Hamming distance and parity

Question

For an Hamming code of $n$ bit there are $k$ bit reserved for the data and $p$ bit for the parity where $p$ is the minimum integer for which the following inequation is satisfied: $$2^p \geqslant p + k + 1$$ This because at least $p$ bit are required to code $n$ error on a single bit $+ 1$ for the "no error" word.

For an Hamming code with distance $d$ you can detect $d-1$ bit of errors and correct $\lfloor d-1/2 \rfloor$ bit of errors.

However you can have SEC (7,4) and SEC (12,8) with the same Hamming distance $d = 3$ but the the first has $p = 3$ bit for the parity while the second has $p = 4$ bit for the parity.

The first question is what does it mean for an Hamming code H having an Hamming distance = 3 ? Does it mean that all $k$ or $n$ bit of data are required to have $d=3$ with each other ?

What is the relationship between the parity and the distance in an Hamming code ?

Answer 1

A (binary) code $C$ is a collection of binary strings of some length $n$, known as codewords. The minimal distance of $C$ is the minimum Hamming distance between (different) codewords. Hamming codes have minimum distance 3, which means that (1) every two codewords differ in at least 3 places, (2) there exist two codewords which differ in exactly 3 places.

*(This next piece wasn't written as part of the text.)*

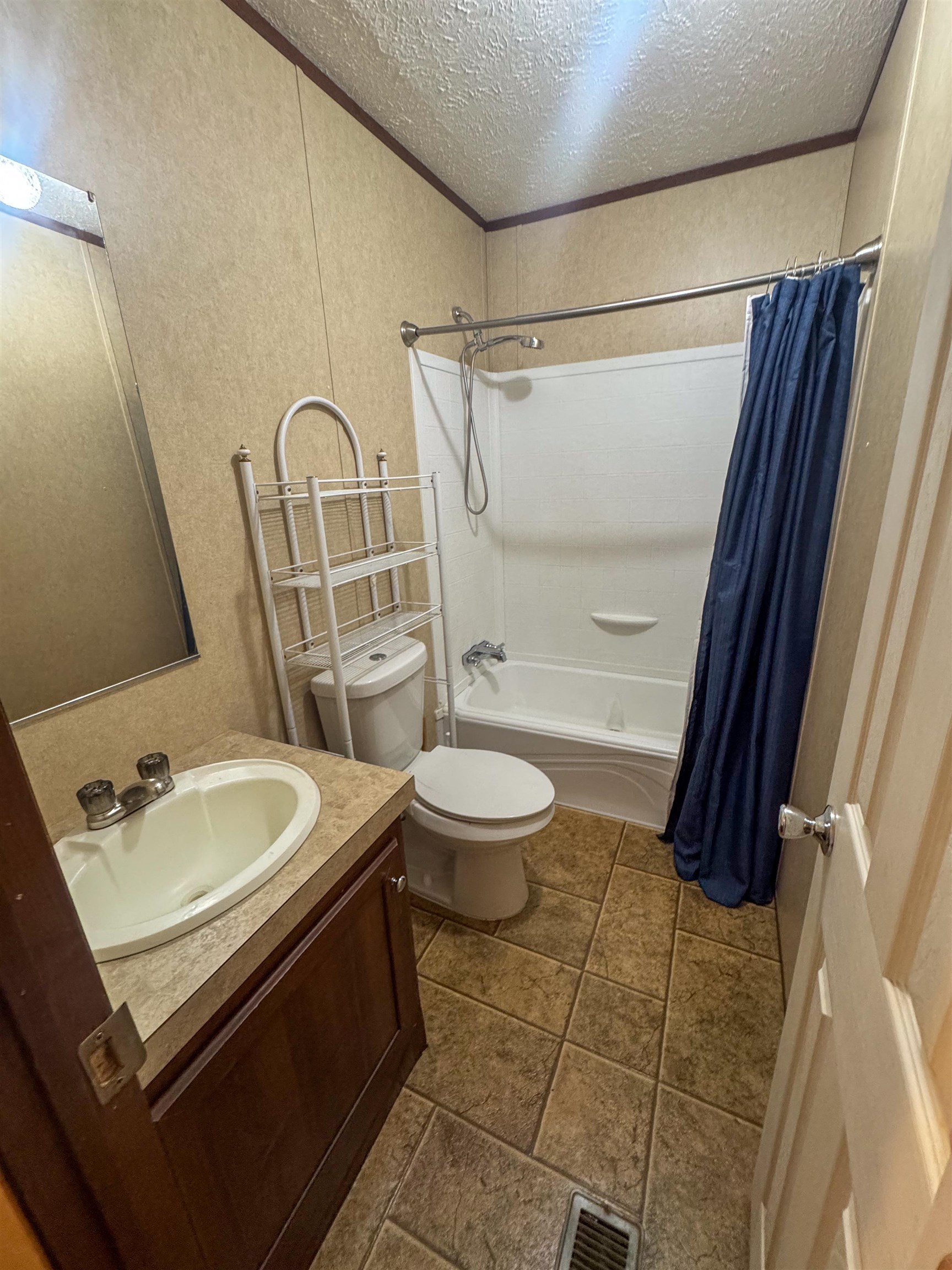 188 Red Hawk  Glencoe, AR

Hamming codes are examples of an important class of codes known as linear codes. You can think of linear codes in many ways:

1. A linear code of length $n$ is a linear subspace of $\{0,1\}^n$. The dimension of the code is known as the rate $k$.

2. A linear code is a code which is closed under XOR, that is, the XOR of any two codewords is again a codeword. It turns out that the number of codewords is always a power of 2, say $2^k$. The parameter $k$ is known as the rate.

3. A linear code is a way of encoding $k$-bit messages using $n$ bits. The original bits of the message are put in fixed places, and every other bit is an XOR of a certain fixed subset of the message bits. For example, the SEC(7,4) code encodes a 4-bit message $x,y,z,w$ using 7 bits: $$ x \oplus y \oplus w, x \oplus z \oplus w, x, y \oplus z \oplus w, y, z, w $$

The minimal distance of a linear code is also the minimal Hamming weight of a non-zero codeword. So the fact that Hamming codes have minimum distance 3 means that (1) every non-zero codeword has at least 3 ones, (2) there exists a codeword having exactly 3 ones.

We have mentioned three parameters: the length of the code $n$, the rate of the code $k$, and the minimal distance $d$. There is no exact relation between these three parameters, though there are various bounds relating the three quantities. One of these bounds is the Hamming bound: $$ \sum_{\ell=0}^{\lfloor \frac{d-1}{2}\rfloor} \binom{n}{\ell}\leq 2^{n-k}. $$ For example, for the SEC(7,4) code this gives $$ \binom{7}{0} + \binom{7}{1} \leq 2^{7-4}. $$ You can check that equality holds, and indeed this is the case for all Hamming codes. Codes for which equality holds are called perfect codes. Apart from a few trivial and exceptional cases, Hamming codes are (essentially) the only perfect codes.